Last semester, while working on a documentary that took place in New Orleans, I had to quickly get over my fear of talking on the phone. I realized that if I want to be a documentary producer,  I need to pick up the phone and start making calls like my life (or at least my project) depended on it. I've always been fine with talking to people face to face, in fact I love building connections and learning people's stories, but I think making important phone calls is a skill set that needs to be learned.

I've spent courses in school where we learn how to conduct an interview, I've gone to workshops where we learn how to handle ourselves in a meeting or presentations, but that all changes a bit when you get on the phone. Why? Because body language has been eliminated from the equation. Can they hear me? Do they care? Am I talking too little? Too much? The answers to a lot of those questions can be solved by observing someone's body language, but on the phone you just can't tell.

I'm starting to learn some techniques to feel people out in a phone conversation, but I still don't feel like a master yet. If given the option, I would choose face-to-face or email every time, but I'm getting there. Slowly but surely I'm learning to embrace calling people, but I just need to know one thing: do other people share this weird fear of phone conversations or am I the only one?

1 comment:

arturo said...

No one is the "only one" of anything, as you can imagine.
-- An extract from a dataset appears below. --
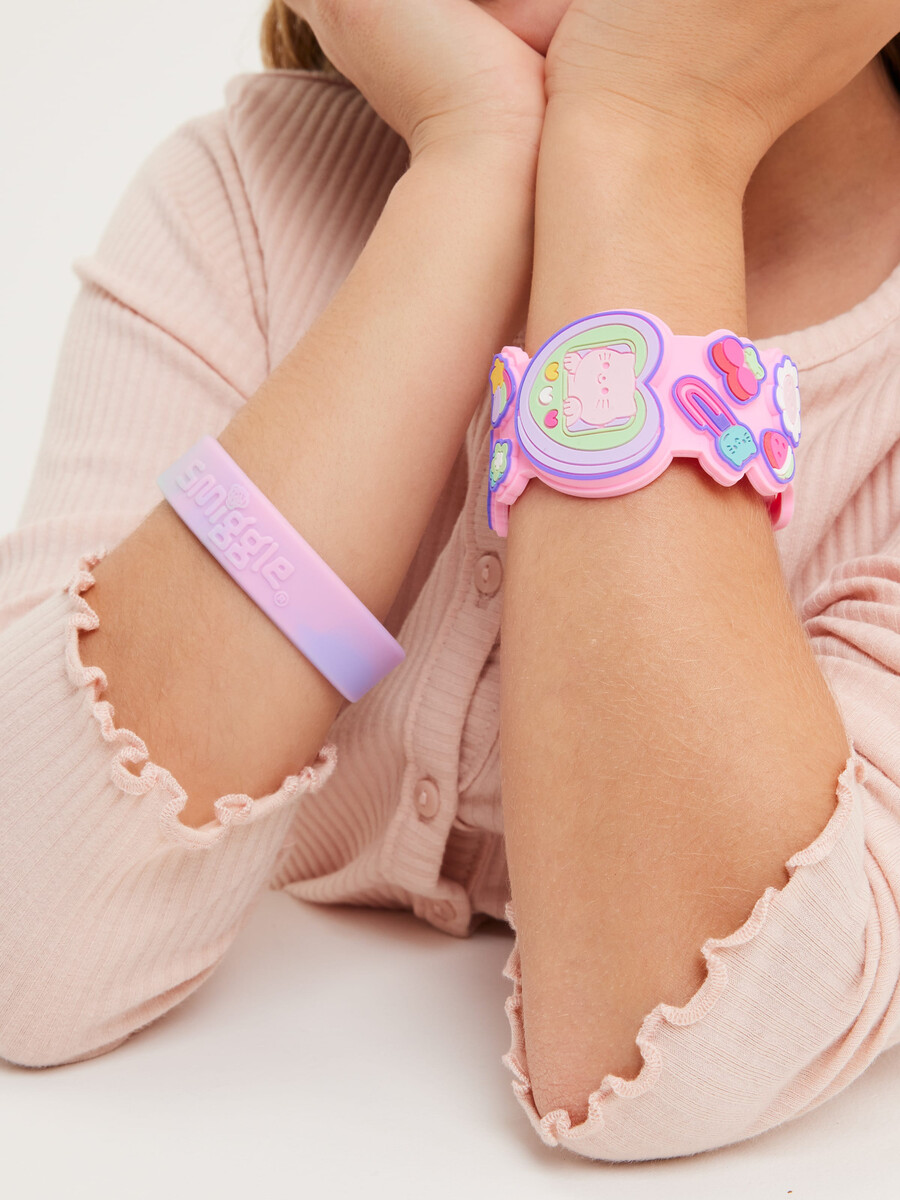 super charge wristband x2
I have a couple of ideas trying to get out; one is that, first of all, telephone is a rather young technology, just a blip of years away, my grandmother never had or used one, so she lived with what she had. For her generation, tele-phone was an invention as popular and later on needed for everyday interaction with others, no technology exists in isolation. After that I am sure some people did not like it or even saw the need for it.
Marshall McLuhan stated that the medium is the message and we either accept the message or not. Sometimes of course communication becomes an issue of life and death and we will resort to what is at hand or if not use smoke signals or rays of the sun with a mirror, or the sound of drums that travel long enough distances carried by the wind, and so forth.
I think that the computer, living under whatever shell you choose, today a "smartphone" tomorrow information delivered directly to our brain for whatever purpose the controllers of the message (the medium, remember?) desire. Young people born with this technology as the normal are trained to communicate in a manner more practical for the system to use. Time stamped text and geolocated video and geolocated pictures are better witnesses and more data friendly than audio, precisely because understanding the nuance of vibrations that contain meaning in the human/animal voice are harder to understand. Give it some time.